To do it more correct in a sloppy way you would write:
if( (int)tmp > (int)len )
however this ignores the fact that size_t could have values that are too large for int. To be strict one would have to handle that the range of int combined with the range of size_t could be larger than any available type. This means that you would have to handle this in two cases, so you would use the fact that if tmp<0 then tmp<len (mathematically, since len>=0). So for example mathematically tmp<len would be written as tmp<0 || tmp<len. And the opposite would be tmp>=0 && tmp >= len. You should therefore write:
if( tmp >= 0 && tmp > len )
Note that then the conversion is not a problem, tmp could after the first check be converted to unsigned without change of value, different ranges of int and size_t are not a problem either as the smaller is converted to wider range before comparison.

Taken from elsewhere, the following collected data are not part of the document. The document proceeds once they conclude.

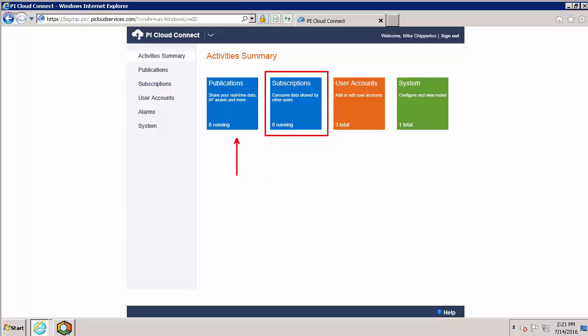In a previous video, we walked through the process of creating publications. Part of that process was selecting a subset of our data that we wanted to share with other people, and then inviting them using their email addresses.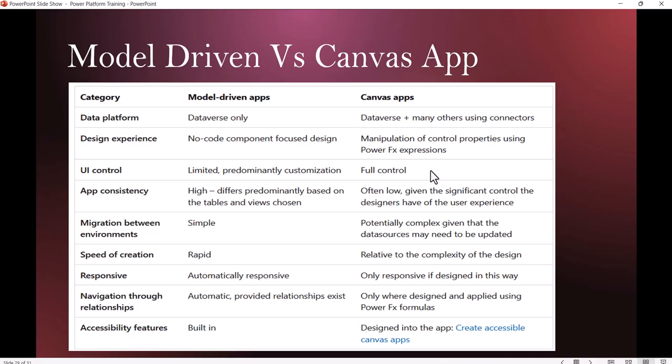For migrations, Model Driven apps are simple because they're in Dataverse. Canvas apps are complex because they may be connecting with various data sources, maybe non-Microsoft sources. Model Driven apps are rapid to build. Canvas apps are relatively complex in design. Model Driven apps are responsive by default. Canvas apps are responsive based on the layout you've chosen - if tablet layout, then responsive for tablet.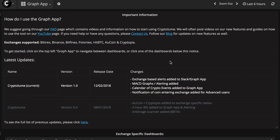Hey guys, it's Merwin from Cryptolium here, and I'm just doing a small video on RSI here — a basic video for new people and people that don't know much about it, covering the purpose of how to use it and how to adopt it with Cryptolium.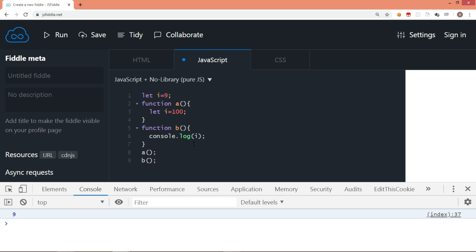So now we know what is local scope and what is global scope. Here i is available for all the functions we have in this piece of code.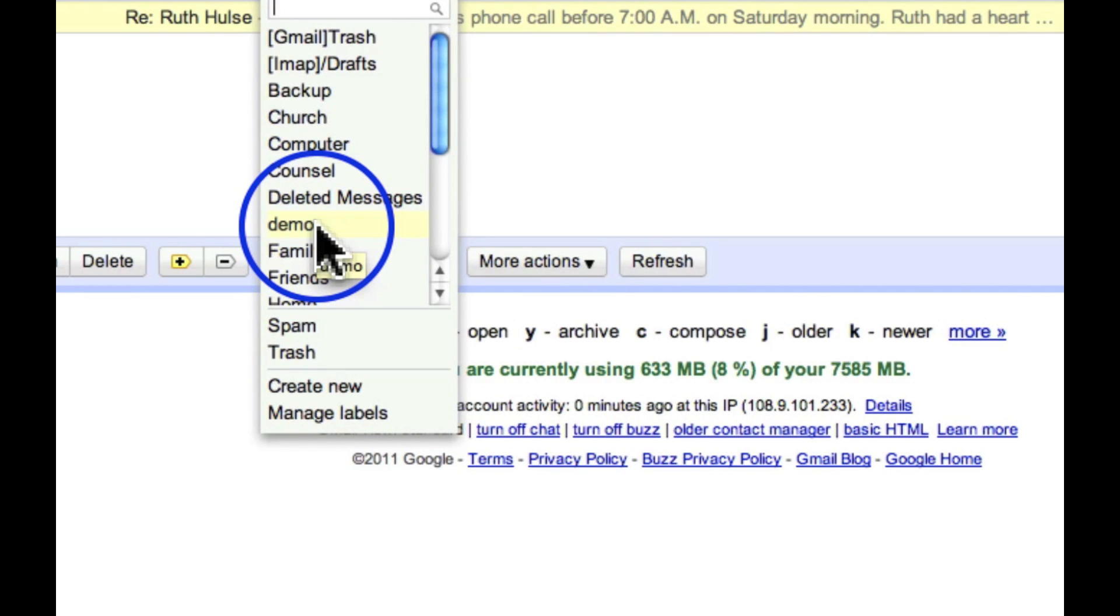So whether you call it Italy travel or whatever it is, that's the way that you can move email and store it in a particular folder.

The only problem left is that if you have enabled warnings about signed-unsigned comparison (to detect these kind of mistakes) it would still warn. To take care of that you would need to explicitely type cast it, but we know that conversion to unsigned doesn't change tmp once we checked that tmp>=0. So to avoid warnings you would write:
if( tmp >= 0 && (unsigned)tmp > len) )
the (unsigned) is because tmp is an int, you need to respect the type when converting to unsigned if tmp were of another type.